Intérieurement je me dis qu'elle n'avait pas laissé sa perspicacité habituelle au vestiaire en venant ici.
- C'était si évident? finis-je par demander, validant par la même son intuition.
- Disons que je suis flic...donc oui.
L'alcool, la fatigue accumulée jouant probablement contre mon self-control je buvais une nouvelle gorgée de bière et m'ouvrais quelque peu.
- On pense que rentrer au pays, quitter les forces suffit pour tourner la page ; mais c'est faux. C'est quelque chose qui ne te quitte pas, que tu as à vie en toi.
- Tu ne dois pas voir cela comme une faiblesse. Au contraire, sers t'en comme une force et tu deviendras un bon flic.
- Et toi c'est parce que tu es blessée que tu es une super flic?
- Shut up, me répondit-elle avant de liquider le contenu de son verre me faisant comprendre qu'elle n'était pas disposée à parler d'elle.

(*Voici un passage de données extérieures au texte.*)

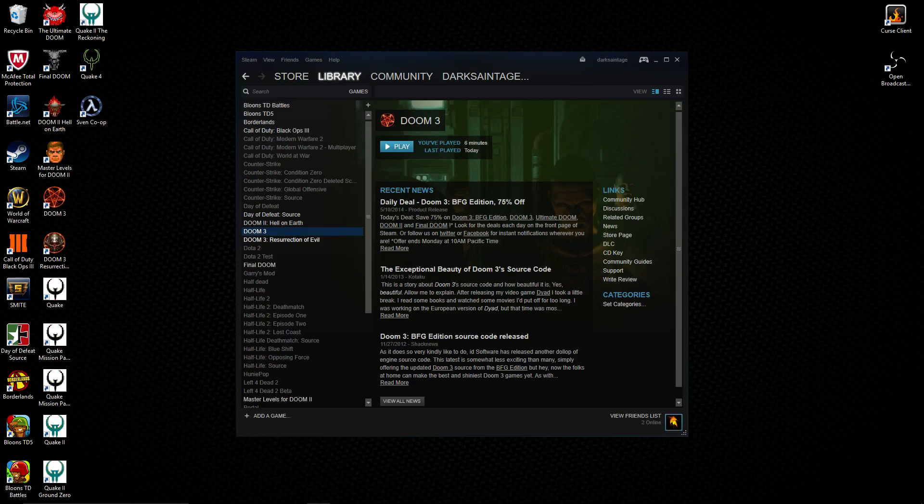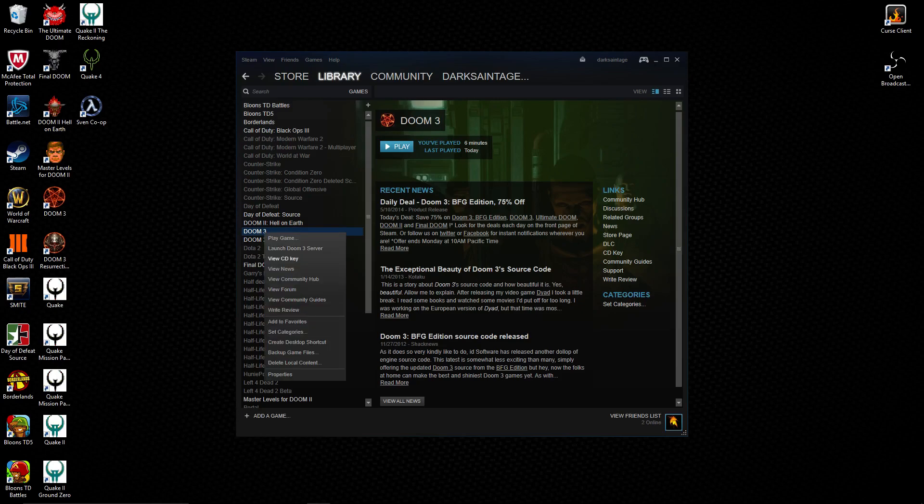So what you do is you find your Doom 3 and you press View CD key. It'll tell you your whole CD key. And then when you launch the game, you enter that.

Je n'insistais pas plus, même s'il n'était pas utile de s'appeler Sigmund Freud pour comprendre que cette fille était une écorchée vive. En une gorgée je finis le contenu de ma bière et l'interrogeant du regard je lui demandais implicitement si elle souhaitait un autre verre. Devant son accord tacite, je commandais deux whisky au barman. Durant les minutes qui suivirent nous continuâmes à échanger tout en buvant nos verres. Cette fille avait une résistance impressionnante à l'alcool. Pour ma part, je commençais à manifester des premiers signes de faiblesse, mes yeux se plissant légèrement à cause de l'accumulation de fatigue et de tension. Cela n'échappa pas à Beckett qui me dit :
- Allez, je te ramène chez toi.
J'appréciais avec plaisir sa proposition. Nous payâmes nos consommations avant de quitter l'établissement. Elle avait garé sa Crown Victoria dans une rue adjacente au bar. Une fois installée au volant, je lui donnais les indications pour aller chez moi. Le trajet ne fut pas long, mais ne pas avoir à le faire à pieds me réjouissais. Je lui indiquais mon bâtiment à un bloc, elle se stationna donc sur le bas-côté, mettant le frein à mains.
- Merci de m'avoir raccompagné.
- Pas de quoi.
- Tu veux monter pour un dernier verre?
Je me surprenais moi-même de ma proposition. Une fois de plus nous sortions totalement de nos rapports conventionnels et habituels. Ceci dit elle ne sembla pas outrée et accepta. C'est ainsi que cinq minutes plus tard nous rentrions dans mon appartement. Je me débarrassais de manière négligée de ma veste, avant d'aller vers le coin cuisine où d'un placard je sortais deux verres ainsi qu'une bouteille de whisky. Pendant ce temps là Beckett avait pris place sur le canapé, sa veste en cuir déposée sur le rebord, elle était à présent en chemise blanche. La rejoignant, je posais les verres sur la table basse en face de moi et nous servais un nouveau verre. Elle me remercia et nous trinquâmes une nouvelle fois ce soir.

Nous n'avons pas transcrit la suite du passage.